1. New Moon
====================================
"Aku memancarkan cahaya dalam gelap.
Berusaha agar mereka percaya
bahwa di sini terang, tidak gelap."
====================================
Manusia adalah makhluk sempurna ciptaan Sang Kuasa. Namun tetap saja, manusia bukanlah definisi kata sempurna yang sesungguhnya. Sesempurna apapun, manusia tetap hanya makhluk biasa yang pastinya memiliki kekurangan.
Sama halnya dengan gadis bernama Bulan. Ia hanyalah seorang manusia yang tentu saja memiliki kekurangan. Namun, sosoknya selalu menjadi definisi kata sempurna dimata orang-orang. Cantik, pintar, kaya, dan bahagia, begitulah pikir dan penglihatan mereka.

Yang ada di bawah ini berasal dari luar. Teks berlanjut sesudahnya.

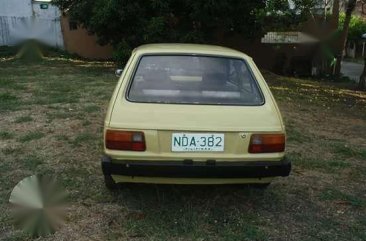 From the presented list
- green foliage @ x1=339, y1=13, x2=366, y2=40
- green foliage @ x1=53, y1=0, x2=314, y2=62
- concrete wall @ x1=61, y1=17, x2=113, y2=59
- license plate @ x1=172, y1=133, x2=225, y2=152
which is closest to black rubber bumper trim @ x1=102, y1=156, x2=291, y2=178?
license plate @ x1=172, y1=133, x2=225, y2=152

Nyatanya, jika diibaratkan, hidup Bulan hanyalah sebuah film yang indah dilihat, tanpa mereka semua tau apa yang terjadi dibalik layar. Kesedihannya selalu tertutup oleh senyum manis, lelahnya selalu tertutup oleh berbagai prestasi, dan lukanya tertutup oleh kata baik-baik saja.
Sejatinya, Bulan hanya manusia cacat yang terlalu dituntut untuk menjadi sempurna. Hidupnya yang terlihat sempurna itu dibalut luka yang tak terlihat oleh mata manusia. Hanya Tuhan yang tahu jelas rasa sakit di hatinya. Dan hanya Tuhan yang dapat menyembuhkan lukanya.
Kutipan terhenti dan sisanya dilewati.